__PROBLEM__
Every line below must be copied as written, except for pictures.

*** DATA FOR THIS EXERCISE Section Begins ***

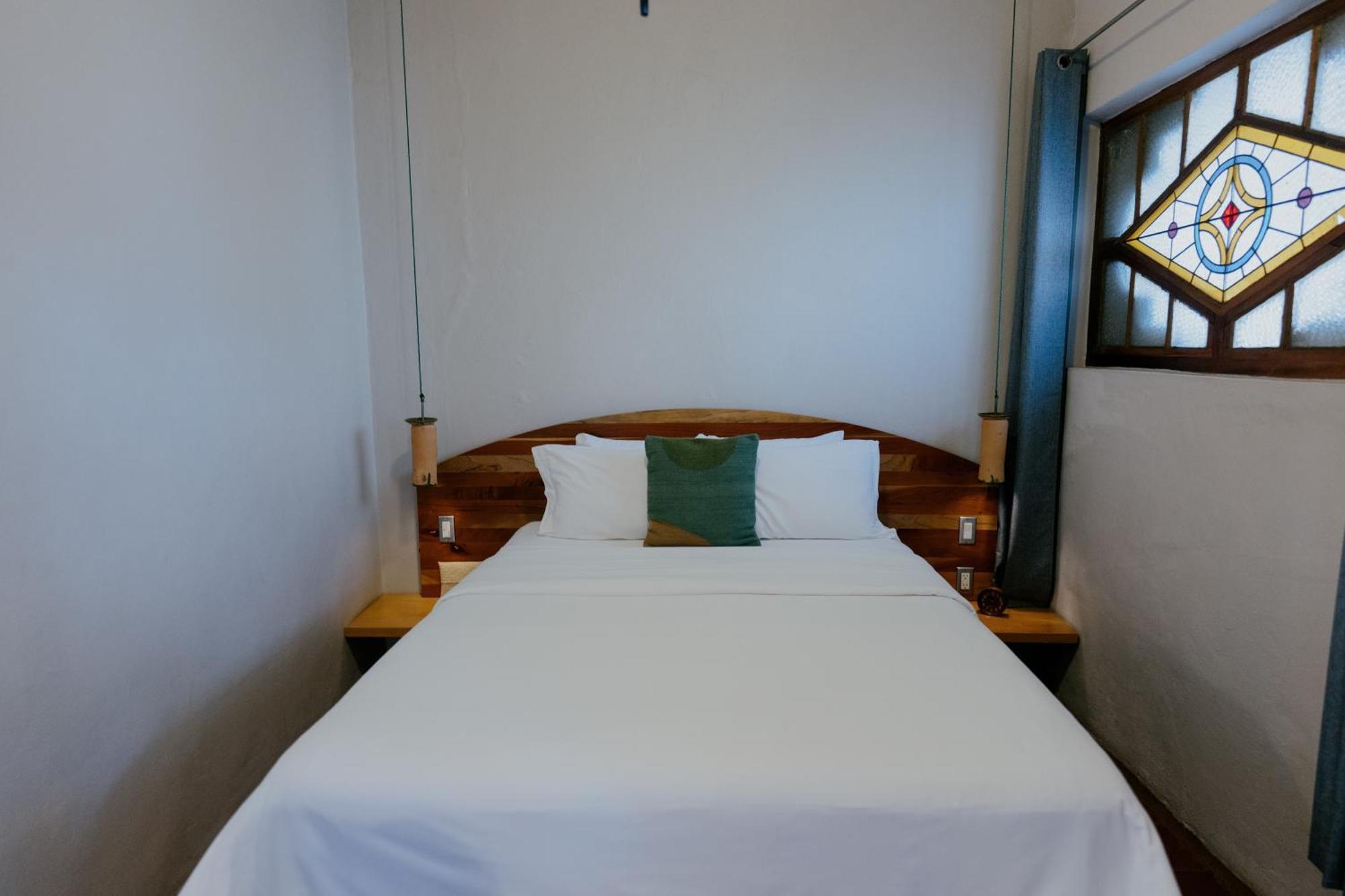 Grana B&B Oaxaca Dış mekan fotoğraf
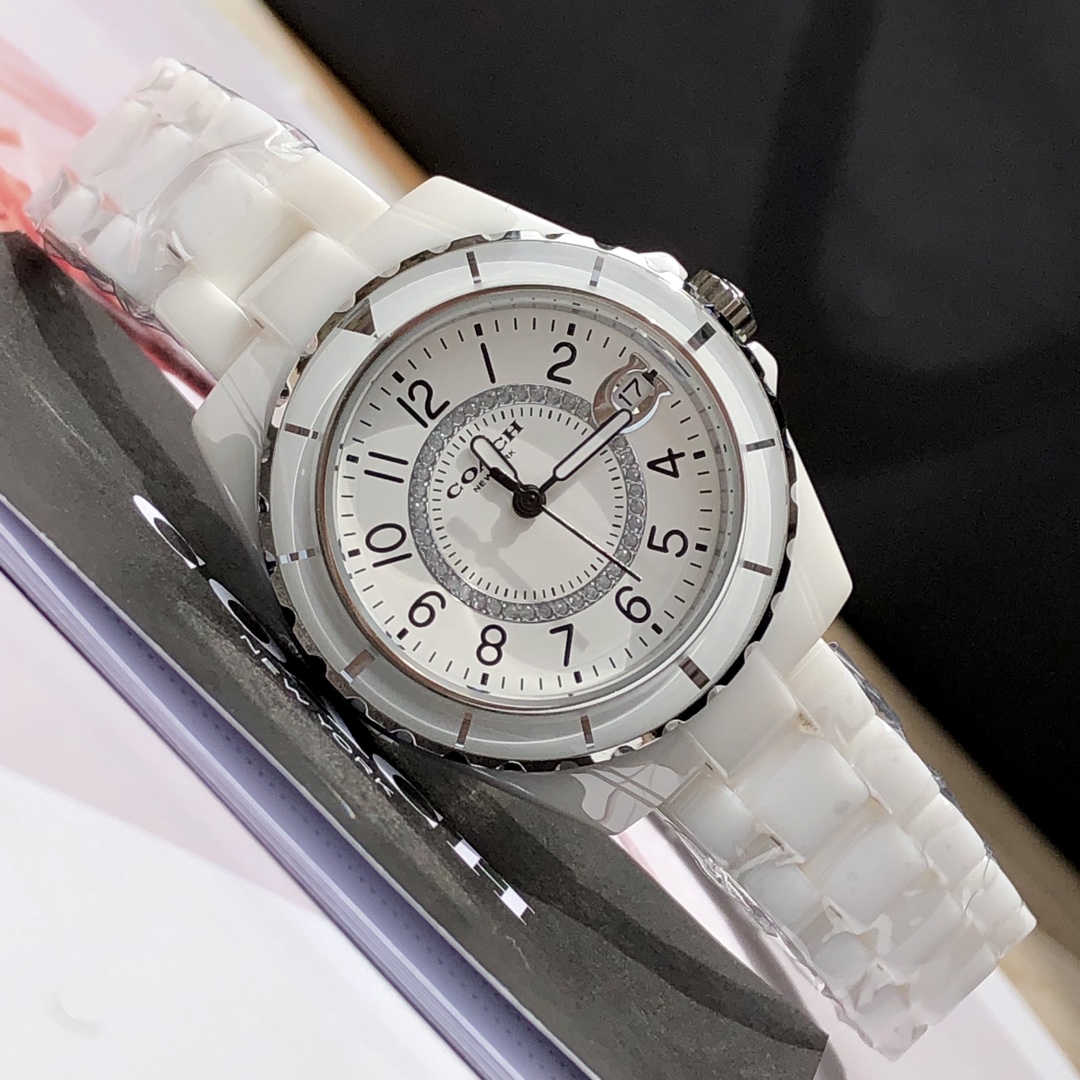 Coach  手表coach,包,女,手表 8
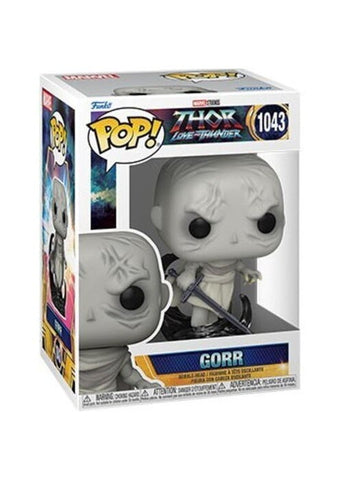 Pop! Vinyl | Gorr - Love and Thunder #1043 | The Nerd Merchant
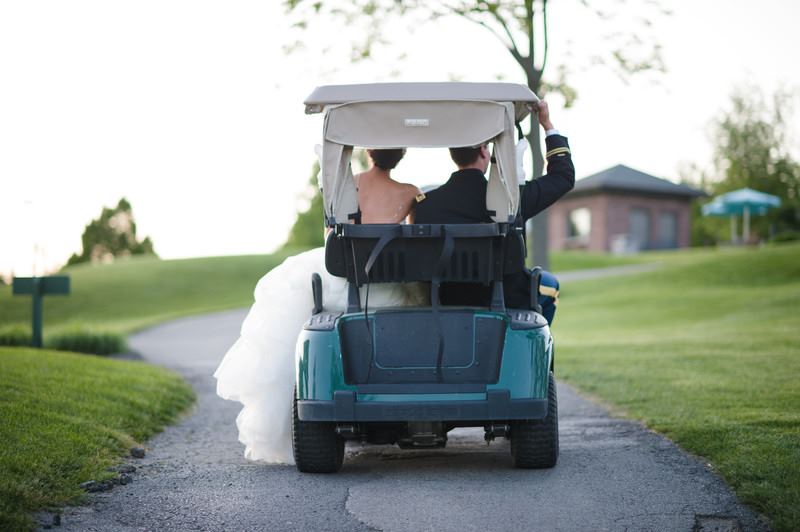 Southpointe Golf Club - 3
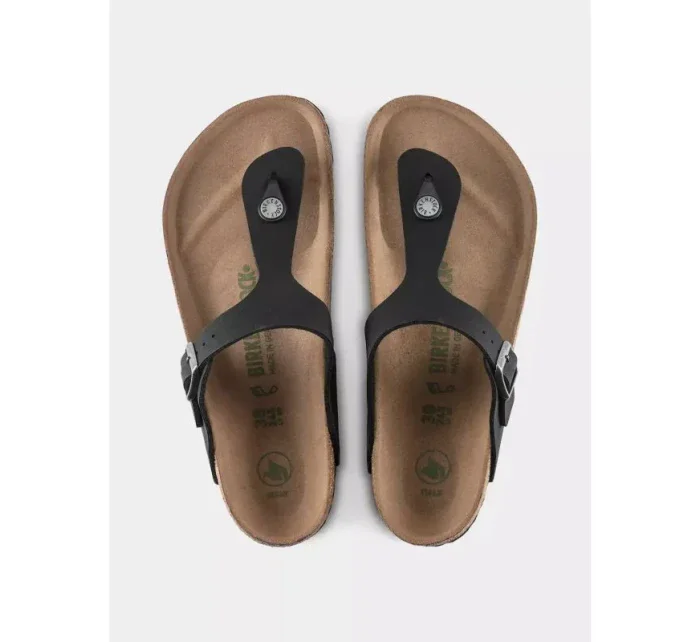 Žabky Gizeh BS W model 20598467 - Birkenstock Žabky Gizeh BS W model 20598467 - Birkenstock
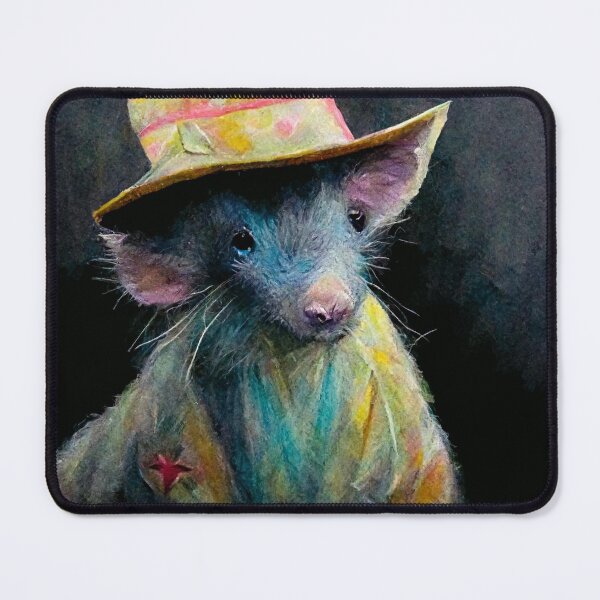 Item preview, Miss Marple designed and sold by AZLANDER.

*** DATA FOR THIS EXERCISE Section Ends ***

__RESULT OF THIS EXERCISE__
 Grana B&B Oaxaca Dış mekan fotoğraf
 Coach  手表coach,包,女,手表 8
 Pop! Vinyl | Gorr - Love and Thunder #1043 | The Nerd Merchant
 Southpointe Golf Club - 3
 Žabky Gizeh BS W model 20598467 - Birkenstock Žabky Gizeh BS W model 20598467 - Birkenstock
 Item preview, Miss Marple designed and sold by AZLANDER.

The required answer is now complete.